Les ayant causes du cédant sont également intéressés à la cession, bien que devant être regardés comme des tiers par rapport à celle-ci.
La formalité de l'art. 1690 C.Civ. présentent plusieurs intérêts :
-Elle permet au cessionnaire d'agir contre le débiteur cédé.
-Cette formalité rend l'opération inopposable aux ayants causes à titre particulier du cédant.

A – Le contenu de la formalité


Elle est double:

1- La signification

Elle est faite au débiteur par le cédant par le cessionnaire. Elle se fait par exploit d'huissier. Elle a donc date certaine, ce qui permettra de trancher les conflits entre les différents intéressés. L'accord du cédé n'est pas requis.

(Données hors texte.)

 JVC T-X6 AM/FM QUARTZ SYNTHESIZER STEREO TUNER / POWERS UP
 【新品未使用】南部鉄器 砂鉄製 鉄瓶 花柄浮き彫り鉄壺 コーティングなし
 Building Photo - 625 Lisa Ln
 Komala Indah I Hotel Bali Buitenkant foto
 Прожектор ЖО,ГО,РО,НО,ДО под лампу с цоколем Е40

2- L'acceptation de la cession par le débiteur dans un acte authentique

 


Ce procédé est peu employé en raison du coût de l'acte notarié. La loi n'exigea pas une véritable acceptation, une adhésion. L'acceptation est simplement la reconnaissance par le débiteur qu'il est au courant de la cession et qu'il s'engage à payer le cessionnaire.
L'acceptation n'est pas un engagement personnel et direct du débiteur envers le cessionnaire. Le débiteur garde la possibilité d'opposer au cessionnaire la quasi totalité des exceptions qu'il aurait pu opposer au cédant (c'est la même créance qui produit un effet différent de la novation).
La jurisprudence atténue parfois la rigueur du mécanisme légal en admettant dans des cas limités une acceptation tacite ou sous seing privé. Par exemple, le bailleur qui ne fait pas de réserve quand le cessionnaire lui a payé le loyer. Une telle cession n'est opposable qu'au débiteur cédé..

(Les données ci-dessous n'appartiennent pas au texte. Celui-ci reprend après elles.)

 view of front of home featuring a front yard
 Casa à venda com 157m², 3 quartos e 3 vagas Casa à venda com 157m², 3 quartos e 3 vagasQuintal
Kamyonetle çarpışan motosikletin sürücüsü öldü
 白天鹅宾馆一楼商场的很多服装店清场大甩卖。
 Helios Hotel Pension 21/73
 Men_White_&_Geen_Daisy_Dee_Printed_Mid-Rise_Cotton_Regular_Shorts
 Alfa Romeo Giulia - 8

B – Les effets de la formalité de l'art1690 C.Civ.


La formalité de l'art. 1690 C.Civ. produit des effets à l'égard du débiteur cédé et à l'égard des tiers.

1 – A l'égard du débiteur cédé

Les formalités de l'art. 1690 C.Civ. tendent à protéger le débiteur cédé. La cession de créance ne produit d'effet à son égard qu'après l'accomplissement de l'une des formalités de l'art. 1690 C.Civ. :
-Avant la signification, le débiteur n'a aucun lien avec le cessionnaire. Il peut se libérer en payant le créancier cédant. Il peut refuser de payer le cessionnaire. Mais il peut invoquer la cession pour ne pas payer le cédant.
-Dans la signification, le débiteur n'est qu'un tiers par rapport à la cession. Celle-ci ne peut lui être opposée et il ne peut s'en prévaloir.
-Après la signification, la situation est transformée. Le débiteur n'a plus aucun lien avec le cédant, il devient débiteur du cessionnaire.

2 – A l'égard des ayants causes du cédant

Par rapport à la cession, ces derniers sont de véritables tiers. A leur égard, la formalité de l'art. 1690 C.Civ. joue le rôle d'une véritable publicité à défaut de laquelle la cession leur serait inopposable.
Parmi ces ayants causes se trouvent les cessionnaires successifs auxquels le créancier a cédé sa créance au mépris d'une cession antérieure. Si un conflit s'élève entre deux cessionnaires successifs, la préférence dépendra de l'ordre chronologique. Le cessionnaire qui aura limité le premier sa cession sera préféré aux autres cessionnaires, même s'ils peuvent se prévaloir d'une convention de cession antérieure. Celui qui a signifié le premier est le préféré.
Les ayants causes du cédant peuvent être également des créanciers chirographaires, eux aussi sont des tiers par rapport à la cession. Tant que les formalités de l'art. 1690 C.Civ. ne sont pas terminées, la cession leur est inopposable.
La créance fait toujours partie du patrimoine du cédant où elle pourra faire l'objet d'une saisie. Quand les formalités de l'art. 1690 C.Civ. sont finies, la créance passe dans le patrimoine du cessionnaire et la saisie arrêt ne peut être pratiquée.